4.  What If I Have Been Turned Down in the Past?
mortgage refinancing

The eligibility guidelines for HARP have changed.  That means there are millions of people who weren’t eligible for refinancing before that could be eligible now. So don’t let your previous experiences stop you from trying again.

5.  I’ve Heard That Now Is Not a Good Time to Refinance.  Is That True?

It’s true that the housing bubble really did a number on people mentally when it comes to buying a home, and refinancing for that matter. However, mortgage refinancing could be extremely beneficial for many people and just because the mortgage crisis hasn’t completely recovered, it’s well on its way. That means if you wait too long to refinance, you could end up paying a much higher interest rate.

6.  What Should I Do If I Don’t Know How to Go About the Refinancing Process?

This is one of the most common reasons people put off refinancing their home. While, yes, it can be a difficult and daunting process, the money you could save in the long run is well worth the time you will spend researching and learning how to do it. Additionally, there are plenty of resources available to guide you as to what you need to do and when. And if you need more incentive to take the plunge, here is something you should consider. If you refinanced your mortgage for a shorter term than what you currently have now, let’s say 11 years shorter for this example and that you would end up paying $100 more each month, which is doable if you assess your lifestyle and simply cut back in a few areas. This could conceivably save you $50,000 in interest fees over the life of your loan. Not to mention the 11 fewer years you would have to pay on it. And that’s no small potatoes!

7.  Should I Use My Bank for Mortgage Refinancing?

You might be thinking that using your bank to refinance your mortgage is a good idea because they frequently waive their fees if you are one of their customers. And this is a good thought; however, that’s not the case when it comes to a mortgage. Most, if not all, banks do charge closing costs and other associated fees when it comes to refinancing a mortgage.

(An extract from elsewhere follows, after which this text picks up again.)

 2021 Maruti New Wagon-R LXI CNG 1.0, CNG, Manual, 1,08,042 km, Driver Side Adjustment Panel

Therefore, you shop around to find the best rates available.

8.  How Will I Know Whether or Not I Should Refinance My Home?
mortgage refinancing

There are plenty of reasons you should refinance your home, such as lowering your monthly payments, to avoid a balloon payment, to get rid of the private mortgage insurance (PMI) fee or to cash out some of your home’s equity. However, everyone’s financial situation is different and therefore impossible to give a solid answer as to how you will know whether or not you should refinance your home. Your best bet is to find a refinance calculator, plug-in your numbers and this will give you a general idea about whether or not refinancing is a good idea for your particular situation.

9.  Wouldn’t It Be Better for Me to Invest My Money Rather Than Using It to Refinance My Mortgage?

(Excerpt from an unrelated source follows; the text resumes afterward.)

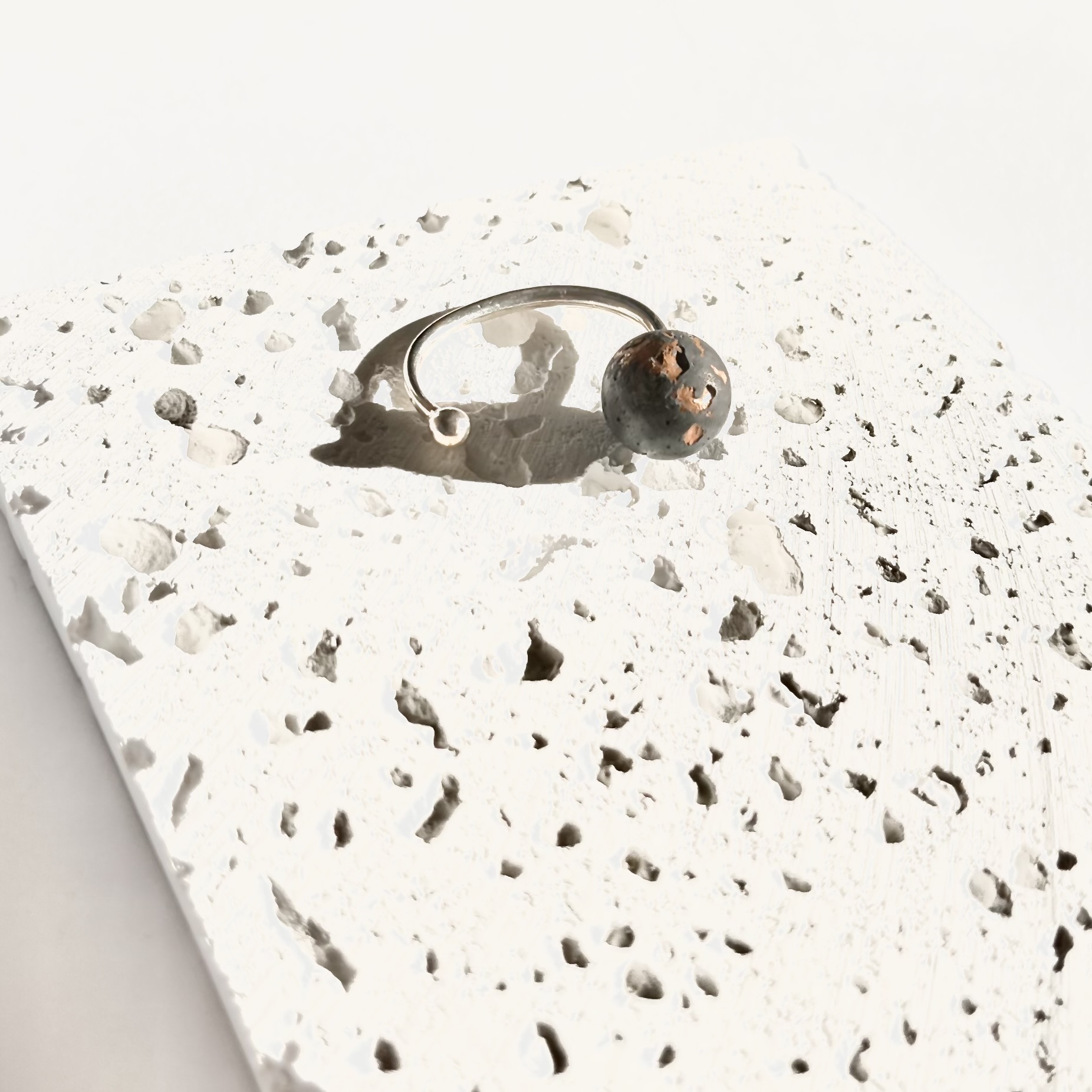 Žiedas BRONZINIS APKABINIMAS / Ring BRONZE HUG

Investing is all about making money, but so is refinancing your mortgage in a roundabout way. Smart investors don’t put all their eggs in one basket. That’s why refinancing your mortgage is a good idea. If you refinance your mortgage, you will have more money to invest. And if you are refinancing for a shorter term and a higher monthly payment, then you will be able to pay off your mortgage sooner. That means once your mortgage is paid off, you can take that money and invest the entire amount. Additionally, paying on a mortgage doesn’t come with any risk like investing in the stock market does.

Another way to look at it is by comparing how much money you would make if you had invested your money rather than using it to refinance your mortgage. Then compare that to what you would save if you had used your money for mortgage refinancing. Once you have those two numbers, you will also have a clear picture as to which route is best for you. Of course, this is not an exact science, because there’s no way you can predict how much you will make if you invest your money. However, you can use your best guess based on the current market and hope for the best.

2 Point Highlight

1.  Mortgage rates have been at an all time low for many years and while they’ve gone up a bit recently, they are still historically low.

2.  Here are the top nine mortgage refinancing myths keeping so many homeowners from taking advantage of these historically low interest rates.